Each interaction can move through a simple chain. Most variables are binary.

  • E_i: eligible under policy (type, scope, age).
  • C_i: captured locally (structured log or draft exists).
  • S_i: share prompt shown (only if the product prompts).
  • A_i: authorization or consent to publish (may include license + name).
  • T_i: transform or sanitize succeeded (PII checks, schema, hashing).
  • P_i^k: published to channel k ∈ K (accepted or merged state).
  • M_i: workflow state for PR-style channels in {open, merged, closed, tombstoned}.

Reading left to right, the pipeline is: E -> C -> S -> A -> T -> P. If any stage is 0, the record cannot be published for that channel.

10.3 Record Metadata

When an interaction is publishable, attach:

  • ψ(x_i) (psi): schema mapping from interaction to structured payload.
  • L_i: license (e.g., CC0, CC-BY, CC-BY-SA).
  • U_i: AI-use preference (e.g., train-genai=n;exceptions=cc-cr).
  • name_i: attribution string (username, pseudonym, anonymous).
  • uid_i: stable contribution id.

10.4 Policy Knobs and Rates

Let θ collect product and policy settings (logging mode, prompt rules, defaults).
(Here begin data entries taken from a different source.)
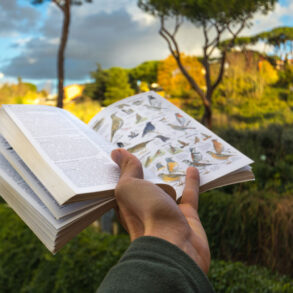 Hand holding bird field guide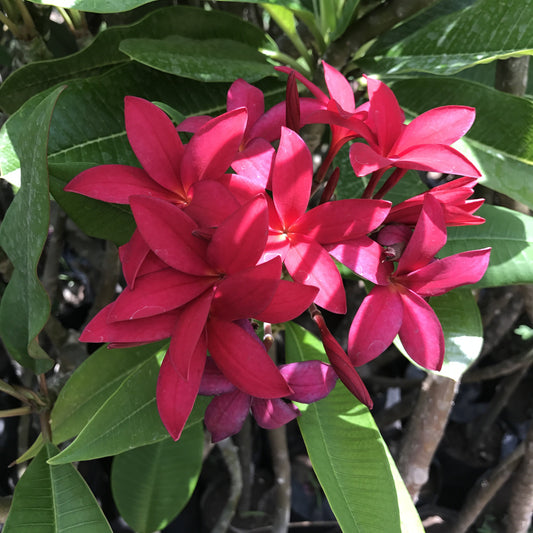  Plumeria Rubra Scarlet Knight Champa Plant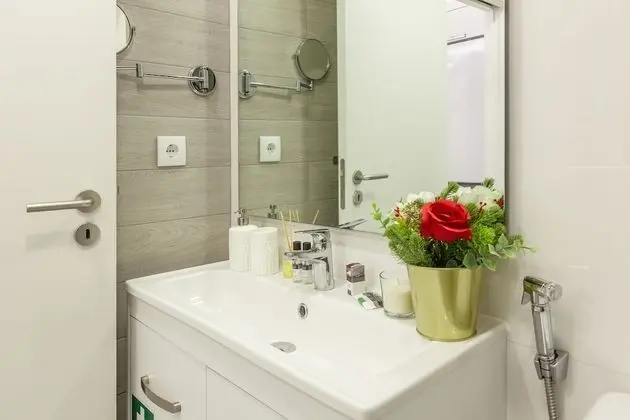Standard Apartment, With Suite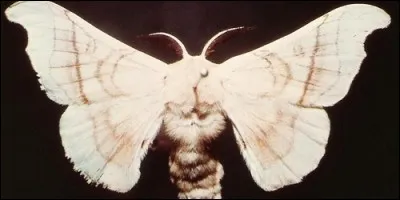 Quel animal donne naissance au ver à soie ?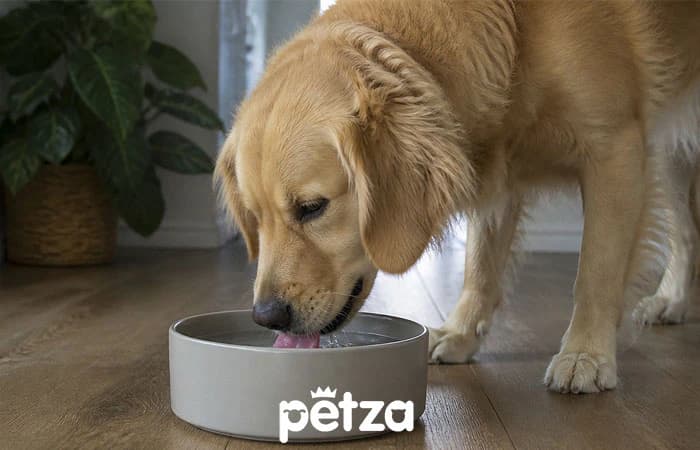 Köpekler Ne Kadar Su İçmeli? Su İçmemesinin Nedenleri ve Önemi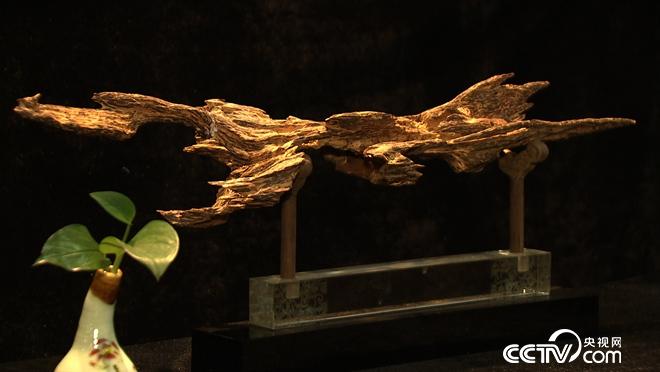 疯狂搞破坏 亿万财富来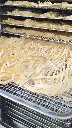 Vista carga fideos cámara de secado iR.webp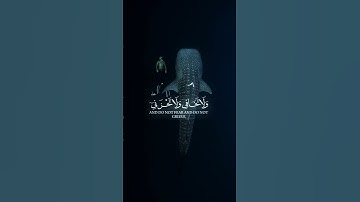 ياسر الدوسري سوره القصص اوحينا الى ام موسى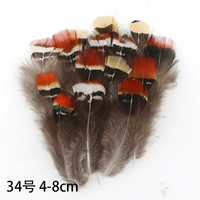 50 филиалов 34 пленки красной головы 50 филиалов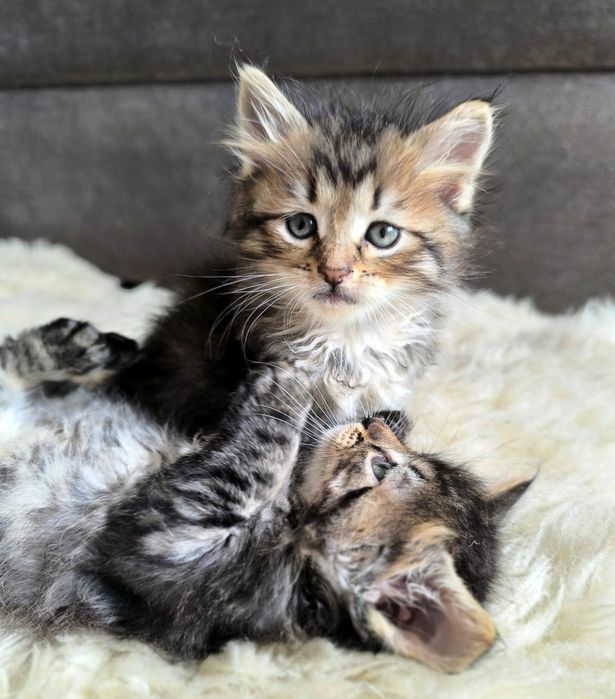 Кошенята  мейн-кун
Define rates:

  • q_i = Pr[S_i=1 | x_i, θ]: prompt rate.
  • p_c(i) = Pr[C_i=1 | x_i, θ]: capture rate.
  • p_a(i) = Pr[A_i=1 | x_i, S_i, θ]: consent rate.
  • p_t(i) = Pr[T_i=1 | x_i, θ]: transform success.
  • p_k(i) = Pr[P_i^k=1 | x_i, θ]: channel acceptance or merge.

10.5 Publish Probability

For a single channel k:

Pr[P_i^k=1] = 1[E_i] · p_c(i) · p_a(i) · p_t(i) · p_k(i)
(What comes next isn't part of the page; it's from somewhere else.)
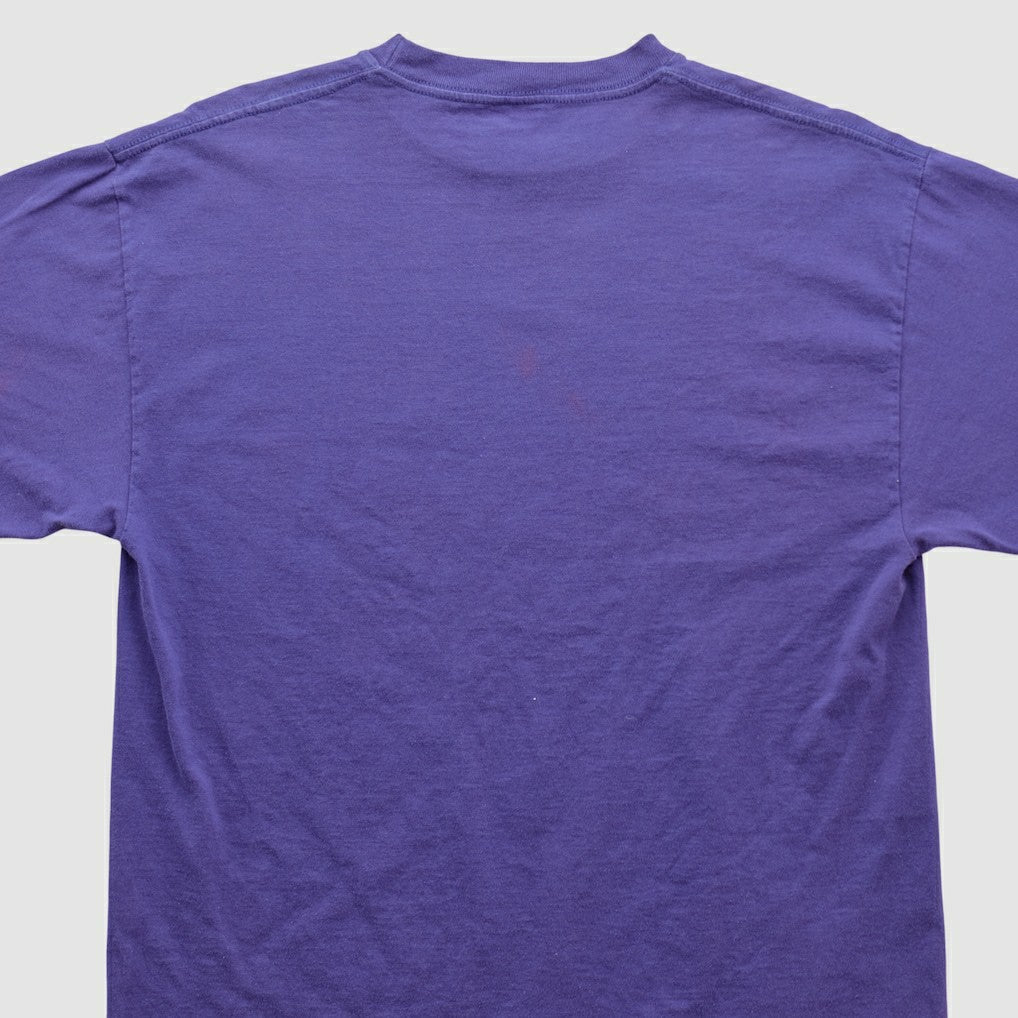 Minnesota Vikings Tultex 90s T-shirt - Purple Vintage online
Here, 1[E_i] is an indicator: it is 1 when the interaction is eligible and 0 otherwise.

For multiple channels, the publish vector is P_i = (P_i^k)_{k∈K}.

10.6 Retraction and Lifecycle

After publication, items can be retracted. Model this with:

  • D_i^k(t) ∈ {0,1}: item i is withdrawn from channel k at time t.
  • h_d(i,k): hazard of retraction.
  • M_i: tracks the visible lifecycle state.

10.7 Prompted vs. Natural

Origin affects consent. When o_i=prompted, the product increases q_i and typically increases p_a(i) by surfacing consent at the right time. Natural interactions can still be captured (C_i=1) without publishing (A_i=0).

10.8 Minimal Schema

ψ(x_i) should at least include:

  • uid, type, created_at, route, model.
  • content (messages or summary) and optional feedback.
  • license=L_i, ai_use=U_i, attribution=name_i.
  • provenance: source=o_i, prompt_shown=S_i, checks (PII flags), hashes.

10.9 Metrics and Levers

  • Throughput for window W: expected published count Λ_k = E[∑_{i∈W} P_i^k].
  • Stage yield: estimate p_c, p_a, p_t, p_k from logs to locate bottlenecks.
  • Quality gates: raise or lower p_t with validators; adjust p_k via review policy.
  • UX levers: adjust q_i (when to prompt) to change p_a(i) without spamming.

10.10 Practical Mapping

  • OpenWebUI action: sets S_i=1, collects A_i, builds ψ(x_i) with L_i, U_i, name_i.
  • Git PR: P_i^git=1 iff merged; otherwise M_i ∈ {open, closed}.
  • Bluesky or microblog: optional P_i^bsky with a short preview and uid link.

This model is intentionally small: a staged Bernoulli chain with explicit metadata. It is sufficient to reason about product changes, consent flows, and publishing policies, and it is easy to compute stage-level rates from operational logs.